# Pro Vari



## Rob Fisher (4/3/14)

Found the most expensive PV I've seen... it's the ProVari... it's pretty expensive and I guess that's why I don't see it on any of the SA web sites. And am I missing something because it seems to be a VV and not a VW device?

Anyone ever played with one? What the verdict?


----------



## Andre (4/3/14)

The Provari is just VV. A very good product, but expensive. VapeMob sells the Mini (if I understand their web site - do not know why they offer a 18650 batt as an option) at R4 000.00.

Reactions: Like 1


----------



## Rob Fisher (4/3/14)

Matthee said:


> The Provari is just VV. A very good product, but expensive. VapeMob sells the Mini (if I understand their web site - do not know why they offer a 18650 batt as an option) at R4 000.00.

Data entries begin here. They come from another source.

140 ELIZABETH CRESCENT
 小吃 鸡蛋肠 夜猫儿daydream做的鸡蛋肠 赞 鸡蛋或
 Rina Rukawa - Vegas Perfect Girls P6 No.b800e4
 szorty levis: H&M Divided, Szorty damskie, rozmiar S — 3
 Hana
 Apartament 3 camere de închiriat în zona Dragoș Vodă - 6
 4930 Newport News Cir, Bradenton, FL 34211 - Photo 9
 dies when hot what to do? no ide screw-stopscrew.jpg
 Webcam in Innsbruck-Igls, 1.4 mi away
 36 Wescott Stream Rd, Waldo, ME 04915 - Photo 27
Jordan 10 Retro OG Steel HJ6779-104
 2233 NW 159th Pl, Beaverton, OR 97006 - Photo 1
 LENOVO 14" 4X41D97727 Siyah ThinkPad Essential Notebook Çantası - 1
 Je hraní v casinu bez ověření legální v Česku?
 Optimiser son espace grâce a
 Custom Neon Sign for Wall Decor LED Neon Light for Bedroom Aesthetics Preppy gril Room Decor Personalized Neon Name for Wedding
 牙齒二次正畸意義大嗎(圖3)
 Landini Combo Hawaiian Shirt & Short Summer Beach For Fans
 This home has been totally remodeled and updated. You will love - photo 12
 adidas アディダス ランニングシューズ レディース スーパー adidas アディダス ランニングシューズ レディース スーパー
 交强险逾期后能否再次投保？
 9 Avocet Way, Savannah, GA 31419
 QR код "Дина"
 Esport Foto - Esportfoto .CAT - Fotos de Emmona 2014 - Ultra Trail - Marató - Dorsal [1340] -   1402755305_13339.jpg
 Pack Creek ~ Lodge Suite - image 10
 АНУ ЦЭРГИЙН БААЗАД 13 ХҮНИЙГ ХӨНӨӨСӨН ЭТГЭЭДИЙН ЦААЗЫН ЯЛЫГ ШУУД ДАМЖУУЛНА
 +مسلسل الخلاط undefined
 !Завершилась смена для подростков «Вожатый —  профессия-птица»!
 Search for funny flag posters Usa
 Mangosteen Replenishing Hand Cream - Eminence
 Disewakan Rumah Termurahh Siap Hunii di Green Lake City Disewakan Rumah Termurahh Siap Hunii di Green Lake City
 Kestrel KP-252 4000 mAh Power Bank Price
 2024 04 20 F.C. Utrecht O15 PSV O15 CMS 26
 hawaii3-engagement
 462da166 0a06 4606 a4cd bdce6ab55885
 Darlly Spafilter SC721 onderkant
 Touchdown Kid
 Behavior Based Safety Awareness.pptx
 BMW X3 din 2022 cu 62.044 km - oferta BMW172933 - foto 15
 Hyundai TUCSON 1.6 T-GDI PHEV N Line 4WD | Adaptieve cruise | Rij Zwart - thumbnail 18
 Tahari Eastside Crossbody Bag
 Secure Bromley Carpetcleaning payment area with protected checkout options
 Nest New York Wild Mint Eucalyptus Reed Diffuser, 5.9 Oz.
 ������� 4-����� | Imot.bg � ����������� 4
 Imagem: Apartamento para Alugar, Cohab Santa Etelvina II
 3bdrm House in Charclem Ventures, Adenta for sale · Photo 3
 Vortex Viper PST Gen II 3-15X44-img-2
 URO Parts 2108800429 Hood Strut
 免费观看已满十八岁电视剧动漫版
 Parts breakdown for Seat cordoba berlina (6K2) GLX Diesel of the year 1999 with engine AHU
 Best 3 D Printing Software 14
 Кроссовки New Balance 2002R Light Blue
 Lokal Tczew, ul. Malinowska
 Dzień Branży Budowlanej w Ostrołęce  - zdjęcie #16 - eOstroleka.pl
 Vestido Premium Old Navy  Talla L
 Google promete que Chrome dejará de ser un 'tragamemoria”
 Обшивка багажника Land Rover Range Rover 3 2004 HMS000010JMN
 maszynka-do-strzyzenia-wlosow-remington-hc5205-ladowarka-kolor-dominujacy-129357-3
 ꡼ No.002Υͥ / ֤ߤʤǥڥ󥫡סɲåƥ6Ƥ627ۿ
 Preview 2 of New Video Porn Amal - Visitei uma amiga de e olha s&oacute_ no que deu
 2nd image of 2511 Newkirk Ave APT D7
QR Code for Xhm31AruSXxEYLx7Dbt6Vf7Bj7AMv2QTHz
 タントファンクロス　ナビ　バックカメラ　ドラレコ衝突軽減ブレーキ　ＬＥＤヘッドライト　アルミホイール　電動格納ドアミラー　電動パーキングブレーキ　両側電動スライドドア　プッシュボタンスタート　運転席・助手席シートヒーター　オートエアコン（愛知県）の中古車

Damn! That's a lot of moola for a VV... I could buy nearly six MVP's for that price... doesn't make too much sense?


----------



## CraftyZA (4/3/14)

Rob Fisher said:


> Damn! That's a lot of moola for a VV... I could buy nearly six MVP's for that price... doesn't make too much sense?


They are trying to ride a dying reputation in my opinion.
ProVari was one of the 1st adjustable output devices. A / the pioneer. But tech moved on. They did not. They will do well adding a new vw with rms output.

Reactions: Agree 1


----------